Psicológicamente, quien pide, lo hace desde una posición simbólica de pobreza y debilidad, y quien da, da desde un lugar alegórico de abundancia y de poder. Es por eso que quien otorga favores, quien ofrece el beneficio es quien debe agradecer al beneficiado, la oportunidad de expresar su magnificencia, de ser justo y de obrar bien.

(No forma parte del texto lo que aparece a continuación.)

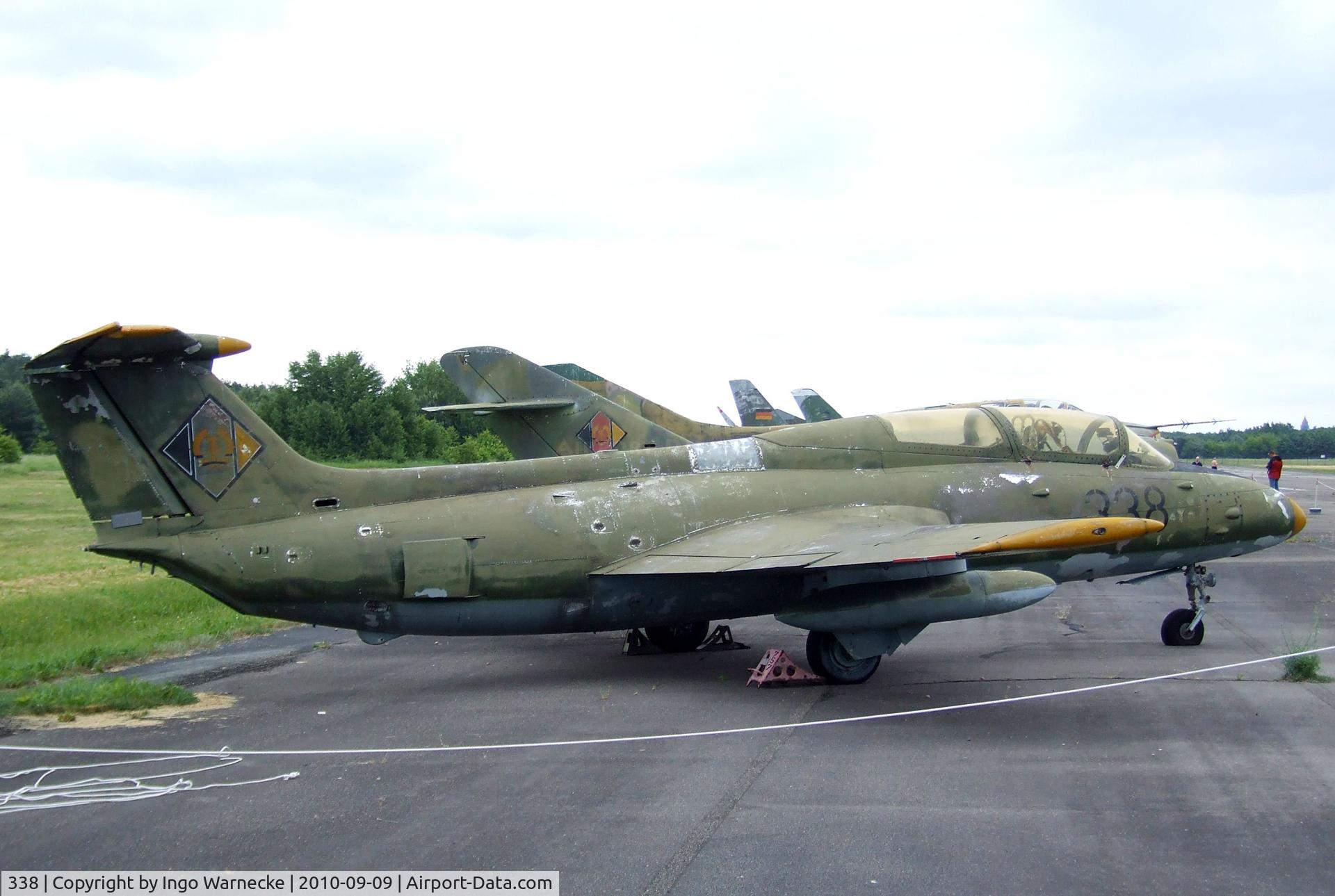 338, 1965 Aero L-29 Delfin C/N 591525, Aero L-29 Delfin MAYA at the Luftwaffenmuseum, Berlin-Gatow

Hoy en mi barrio sólo queda un paradero de ómnibus, apenas sin guaguas. Desde allí se expiden, al menos, unas ocho rutas, creo que son más, hacia diversos lugares de La Habana, no sé el dato exacto, pero hay días que han estado trabajando sólo tres ómnibus para cubrir todas las rutas, eso significa que sólo en horario diurno cada ruta difícilmente hace un par de salidas. En días que ahora mismo llamaría con triste eufemismo “normales” puedes estar esperando más de tres horas sentado en un contén de la acera, en un quicio de puerta, de pie al sol, con hambre, etcétera. Hoy las paradas son cada cinco cuadras ¡No se te ocurra pedirle al chofer que te deje fuera de parada para ahorrarte unas cuadras de caminata!

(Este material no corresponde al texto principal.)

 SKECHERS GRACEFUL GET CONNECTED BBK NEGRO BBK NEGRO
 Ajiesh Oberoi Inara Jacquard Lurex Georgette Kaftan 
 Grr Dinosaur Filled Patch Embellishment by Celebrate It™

Hay lugares donde no hay parada oficial, pero resultan lugares estratégicos que hacen posible que una ruta que no va para tu destino pueda acercarte al lugar donde vas si las rutas que normalmente van hacia allí se demoran mucho y tienes prisa. La ruta idónea sería el A-56 para ir desde La Habana Vieja a La Virgen del Camino. Estas rutas que menciono no son del paradero de mi barrio, pero pertenecen a la misma mísera realidad actual.
Es el caso es que, el A-66 hace la ruta Habana Vieja-Regla, bordeando la Avenida del Puerto de La Habana, y en este recorrido pasa por el sitio llamado Cayo Cruz, antiguo basurero de la capital y que está a unas cuantas cuadras de La Virgen del Camino, lo cual es una maravilla quedarse allí y seguir a pie. Sin embargo, para asombro de cualquiera medianamente inteligente allí no hay parada oficial y los choferes se niegan a parar allí; si le preguntas, si pararía allí, dice que oficialmente no puede, pero si le das diez o veinte pesos no tendrá reparos para “hacerte el favor”.
Quería saber más de tus asombros de la niñez. Y ese bonito recuerdo de las guaguas de antaño me dejó pensando en que yo cuando era adolescente dejaba pasar muchas y eso que iban vacías. Épocas de buen país y personas con educación formal. Espero otro diario de lo primero que cuentas. Gracias por la escritura. También pensé en la canción de Paul Mac Cartney, tan bella.